+++ Data supplied +++

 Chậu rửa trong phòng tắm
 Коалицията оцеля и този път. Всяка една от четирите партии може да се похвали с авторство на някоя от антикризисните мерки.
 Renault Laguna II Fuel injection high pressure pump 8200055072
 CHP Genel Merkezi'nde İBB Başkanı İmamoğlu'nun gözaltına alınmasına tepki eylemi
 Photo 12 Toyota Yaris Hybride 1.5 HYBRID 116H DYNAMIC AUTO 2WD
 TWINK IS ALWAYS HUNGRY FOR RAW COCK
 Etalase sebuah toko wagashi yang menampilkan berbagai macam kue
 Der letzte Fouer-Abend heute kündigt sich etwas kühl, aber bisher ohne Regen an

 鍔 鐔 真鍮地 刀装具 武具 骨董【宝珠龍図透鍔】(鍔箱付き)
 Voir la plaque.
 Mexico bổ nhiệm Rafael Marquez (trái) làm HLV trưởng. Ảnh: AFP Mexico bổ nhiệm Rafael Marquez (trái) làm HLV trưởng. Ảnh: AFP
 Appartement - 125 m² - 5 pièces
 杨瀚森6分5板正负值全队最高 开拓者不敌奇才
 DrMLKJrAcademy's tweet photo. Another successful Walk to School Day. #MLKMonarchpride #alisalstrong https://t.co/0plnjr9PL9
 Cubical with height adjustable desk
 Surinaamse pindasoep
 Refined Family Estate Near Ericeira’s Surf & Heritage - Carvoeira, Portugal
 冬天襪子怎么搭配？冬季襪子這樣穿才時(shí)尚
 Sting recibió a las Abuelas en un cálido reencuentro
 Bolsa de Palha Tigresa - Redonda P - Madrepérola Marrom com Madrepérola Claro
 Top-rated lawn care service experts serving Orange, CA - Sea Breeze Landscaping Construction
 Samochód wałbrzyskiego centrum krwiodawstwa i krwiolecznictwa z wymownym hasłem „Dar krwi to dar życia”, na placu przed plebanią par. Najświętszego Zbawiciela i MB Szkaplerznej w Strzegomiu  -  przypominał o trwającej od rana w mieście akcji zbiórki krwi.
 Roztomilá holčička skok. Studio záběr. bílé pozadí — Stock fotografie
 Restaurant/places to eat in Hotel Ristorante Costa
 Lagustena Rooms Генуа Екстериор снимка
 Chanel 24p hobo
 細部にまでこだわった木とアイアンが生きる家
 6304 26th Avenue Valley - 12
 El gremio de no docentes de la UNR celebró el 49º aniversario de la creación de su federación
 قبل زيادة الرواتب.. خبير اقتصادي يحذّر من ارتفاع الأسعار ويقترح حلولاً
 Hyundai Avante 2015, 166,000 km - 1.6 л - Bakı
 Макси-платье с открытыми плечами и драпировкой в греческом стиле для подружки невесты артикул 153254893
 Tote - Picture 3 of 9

+++

- The task:
Set down the lines above as they stand, starting with the first line and ending with the line that contains "6304 26th Avenue Valley - 12".

- Task response:
 Chậu rửa trong phòng tắm
 Коалицията оцеля и този път. Всяка една от четирите партии може да се похвали с авторство на някоя от антикризисните мерки.
 Renault Laguna II Fuel injection high pressure pump 8200055072
 CHP Genel Merkezi'nde İBB Başkanı İmamoğlu'nun gözaltına alınmasına tepki eylemi
 Photo 12 Toyota Yaris Hybride 1.5 HYBRID 116H DYNAMIC AUTO 2WD
 TWINK IS ALWAYS HUNGRY FOR RAW COCK
 Etalase sebuah toko wagashi yang menampilkan berbagai macam kue
 Der letzte Fouer-Abend heute kündigt sich etwas kühl, aber bisher ohne Regen an

 鍔 鐔 真鍮地 刀装具 武具 骨董【宝珠龍図透鍔】(鍔箱付き)
 Voir la plaque.
 Mexico bổ nhiệm Rafael Marquez (trái) làm HLV trưởng. Ảnh: AFP Mexico bổ nhiệm Rafael Marquez (trái) làm HLV trưởng. Ảnh: AFP
 Appartement - 125 m² - 5 pièces
 杨瀚森6分5板正负值全队最高 开拓者不敌奇才
 DrMLKJrAcademy's tweet photo. Another successful Walk to School Day. #MLKMonarchpride #alisalstrong https://t.co/0plnjr9PL9
 Cubical with height adjustable desk
 Surinaamse pindasoep
 Refined Family Estate Near Ericeira’s Surf & Heritage - Carvoeira, Portugal
 冬天襪子怎么搭配？冬季襪子這樣穿才時(shí)尚
 Sting recibió a las Abuelas en un cálido reencuentro
 Bolsa de Palha Tigresa - Redonda P - Madrepérola Marrom com Madrepérola Claro
 Top-rated lawn care service experts serving Orange, CA - Sea Breeze Landscaping Construction
 Samochód wałbrzyskiego centrum krwiodawstwa i krwiolecznictwa z wymownym hasłem „Dar krwi to dar życia”, na placu przed plebanią par. Najświętszego Zbawiciela i MB Szkaplerznej w Strzegomiu  -  przypominał o trwającej od rana w mieście akcji zbiórki krwi.
 Roztomilá holčička skok. Studio záběr. bílé pozadí — Stock fotografie
 Restaurant/places to eat in Hotel Ristorante Costa
 Lagustena Rooms Генуа Екстериор снимка
 Chanel 24p hobo
 細部にまでこだわった木とアイアンが生きる家
 6304 26th Avenue Valley - 12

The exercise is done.